Updated doc strings

AnotherSamWilson · Jul 26, 2024 · 0d29e56 · 0d29e56
1 parent 2f45ce4
commit 0d29e56
Showing 1 changed file with 113 additions and 135 deletions.
diff --git a/miceforest/imputation_kernel.py b/miceforest/imputation_kernel.py
@@ -43,124 +43,94 @@ class ImputationKernel(ImputedData):
     Parameters
     ----------
     data : pandas DataFrame.
+        The data to be imputed.
 
-        .. code-block:: text
-
-            The data to be imputed.
-
-    variable_schema : None or list or dict, default=None
-
-        .. code-block:: text
-
-            Specifies the feature - target relationships used to train models.
-            This parameter also controls which models are built. Models can be built
-            even if a variable contains no missing values, or is not being imputed.
+    variable_schema : None or List[str] or Dict[str, str], default=None
+        Specifies the feature - target relationships used to train models.
+        This parameter also controls which models are built. Models can be built
+        even if a variable contains no missing values, or is not being imputed.
 
-                - If None, all columns with missing values will have models trained, and all
-                    columns will be used as features in these models.
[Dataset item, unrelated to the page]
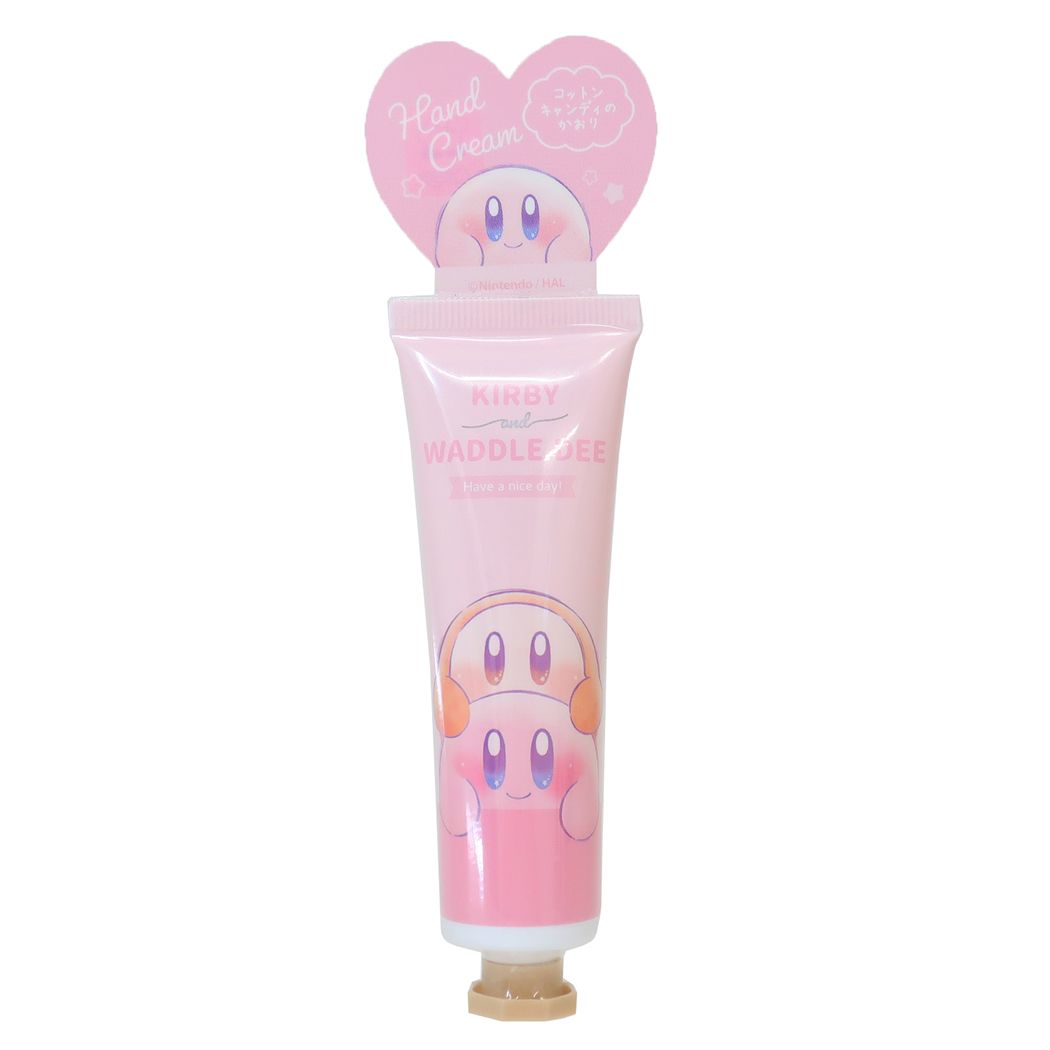 星のカービィ グッズ コスメ雑貨 キャラクター ハンドクリーム POPPINGUP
-                - If list, all columns in data are used to impute the variables in the list
-                - If dict the values will be used to impute the keys.
+            - If None, all columns with missing values will have models trained, and all
+                columns will be used as features in these models.
+            - If list, all columns in data are used to impute the variables in the list
+            - If dict the values will be used to impute the keys.
 
-            No models will be trained for variables not specified by variable_schema
-            (either by None, a list, or in dict keys).
+        No models will be trained for variables not specified by variable_schema
+        (either by None, a list, or in dict keys).
 
-    imputation_order: str, list[str], list[int], default="ascending"
-
-        .. code-block:: text
-
-            The order the imputations should occur in.
-                - ascending: variables are imputed from least to most missing
-                - descending: most to least missing
-                - roman: from left to right in the dataset
-                - arabic: from right to left in the dataset.
+    imputation_order: str, default="ascending"
+        The order the imputations should occur in.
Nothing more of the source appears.